Show that $\|XY-YX\|^2\le2\|X\|^2\|Y\|^2$ for diagonal matrix $X$ and any matrix $Y\in M_n$

Question

I am studying on the topic of norm of the commutator and I would like to solve the following problems:

For any matrix $X\in M_n$, $\|X\|=\sqrt{\sum|x_{ij}|^2}=\sqrt{trA^*A}$ , where $A^*$ is the conjugate transpose of $A$(So the field is $\mathbb C$).

Let $X=diag(x_1,x_2,...,x_n)$ be a diagonal matrix in $M_n$. Show that $\|XY-YX\|^2\le2\|X\|^2\|Y\|^2$ for any matrix $Y\in M_n$.

This is the first part of my problem. I try the question in this way:

$X=\operatorname{diag}(x_1,x_2,...,x_n)$, $Y=\begin{bmatrix}y_{11} & y_{12} & ... & y_{1n}\\y_{21} & y_{22} & ... & y_{2n}\\ \vdots & \vdots & \ddots & \vdots \\y_{n1} & y_{n2} & ... & y_{nn}\end{bmatrix}$

then $$XY-YX=\begin{bmatrix}(x_1-x_1)y_{11} & (x_1-x_2)y_{12} & ... & (x_1-x_n)y_{1n}\\(x_2-x_1)y_{21} & (x_2-x_2)y_{22} & ... & (x_2-x_n)y_{2n}\\ \vdots & \vdots & \ddots & \vdots \\(x_n-x_1)y_{n1} & (x_n-x_2)y_{n2} & ... & (x_n-x_n)y_{nn}\end{bmatrix}$$

So $\|XY-YX\|^2=\sum|(x_i-x_j)y_{ij}|^2$ for $1\le i,j\le n$ and I get stuck in this step.

The second part of my problem is:

If $X$ is a normal matrix, show that the inequality is still true. I have no idea how to start with the second problem.

Answer 1

The slightly more general version of your question was in fact Conjectured back in 2005 for arbitrary matrices (without the assumption that $X$ is diagonal) by Bottcher and Wenzel. It was proven shortly after by Vong and Jin, and you can see the follow-up paper by the authors of the conjecture here with the proof of the desired fact.

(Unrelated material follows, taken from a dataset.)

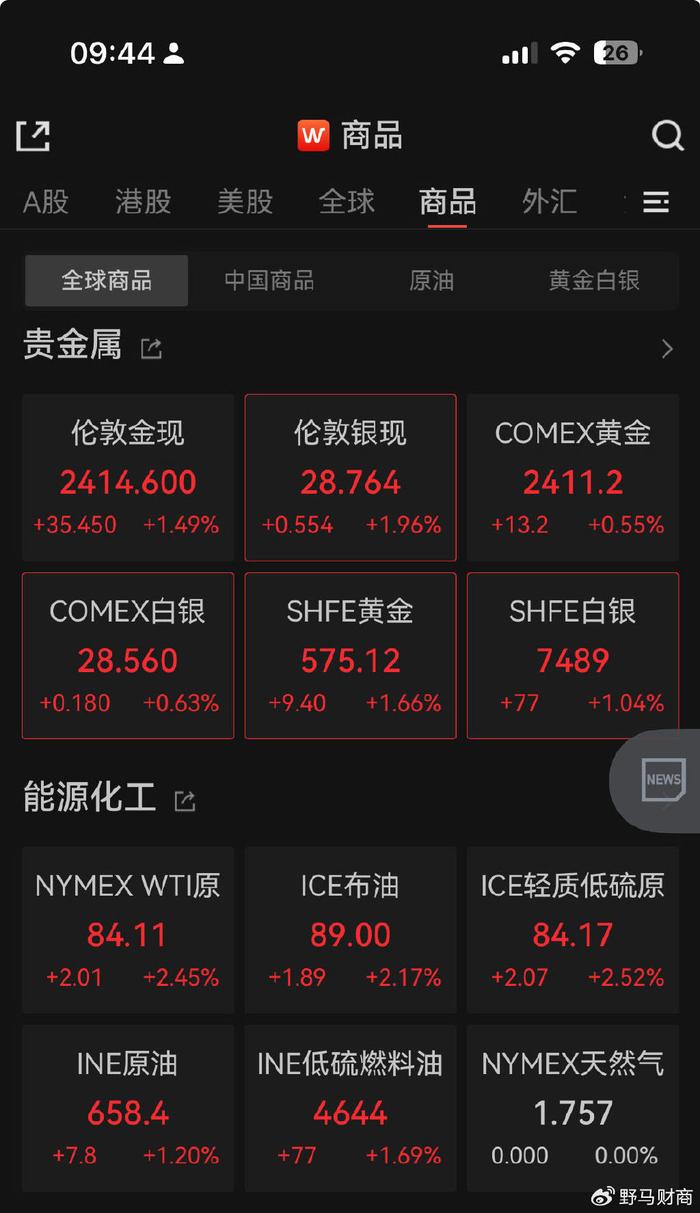 震荡市寻求避险资产 公募积极布局黄金板块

The proof by Bottcher and Wenzel doesn't appear to be simple enough to explain in an MSE post. That being said I will show you how elementary methods can get you a weaker bound that is off by a factor of only $2$.

The matrix norm you mention is called the Frobenius norm, so we will denote it by $\|\cdot\|_F$. To obtain a slightly weaker bound, you can use the fact that $(M_n(\mathbb{C}),\|\cdot\|_F)$ is a Hilbert space (with the Frobenius a.k.a Hilbert-Schmidt inner-product), and therefore the parallelogram law holds. In other words, for any complex $n\times n$ matrices $X,Y$ we have that $$\|XY-YX\|_F^2+\|XY+YX\|_F^2=2\|XY\|_F^2+2\|YX\|_F^2.$$

Another useful fact is that the Frobenius norm is submultiplicative and therefore $$\|XY\|_F\leq \|X\|_F\|Y\|_F,$$ for any $X,Y\in M_n(\mathbb{C})$.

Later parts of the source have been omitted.